The Star published some interesting stats on immigration settlement in the GTA today.
According to a new study by the Federation of Canadian Municipalities, Central Toronto has suffered a net loss of 22 percent of new immigrants moving to the suburbs.
The report shows immigrants to the Greater Toronto Area are increasingly choosing the 905 regions as their destination over Toronto. Even those initially settling in the city are then moving on to the suburbs.
The study, conducted by the Federation of Canadian Municipalities, compared how newcomers who have been in the country for five years or more and living in the suburbs fared against their counterparts in the city.
It found those living outside big cities were less likely to be living off social assistance, less likely to be unemployed, twice as likely to have a university degree and more likely to own homes.
So the best and the brightest are moving away, while the strugglers are left to scrounge for whatever assistance they can get in the already overburdened downtown.

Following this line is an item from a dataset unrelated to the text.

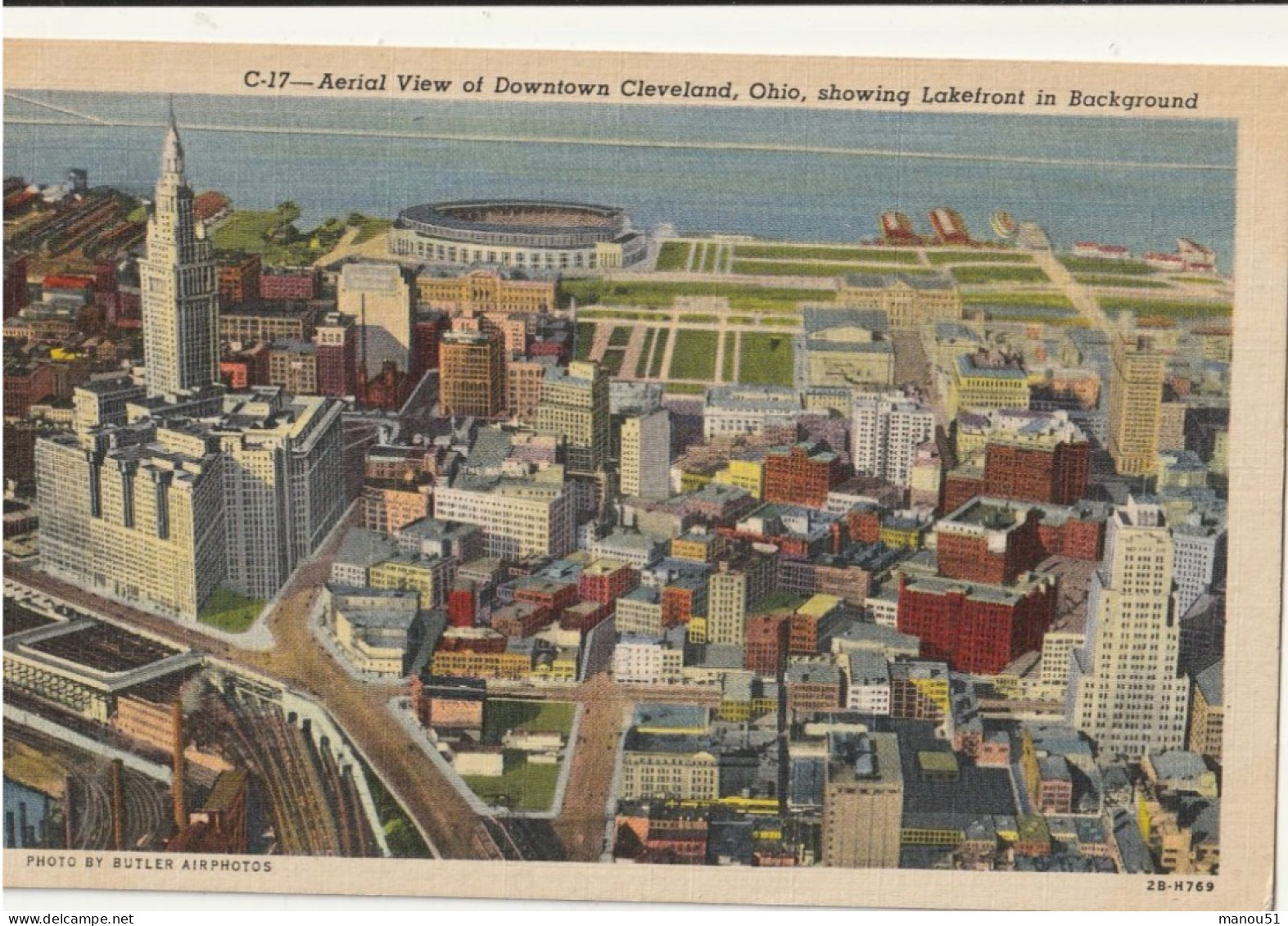 ETATS-UNIS -  Aerial View Of Downtown CLEVELAND - Cleveland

Complications abound:
The suburbanization trends, partially a result of Ottawa's push to spread immigrants evenly across the country, have led to a lose-lose situation for large and small communities alike: While big cities are finding it harder to meet their labour needs with the exodus of well-educated and highly skilled immigrants, their smaller counterparts struggle to accommodate the influx.
There'll always be migratory trends. The question is, why is this happening, and what does it all mean?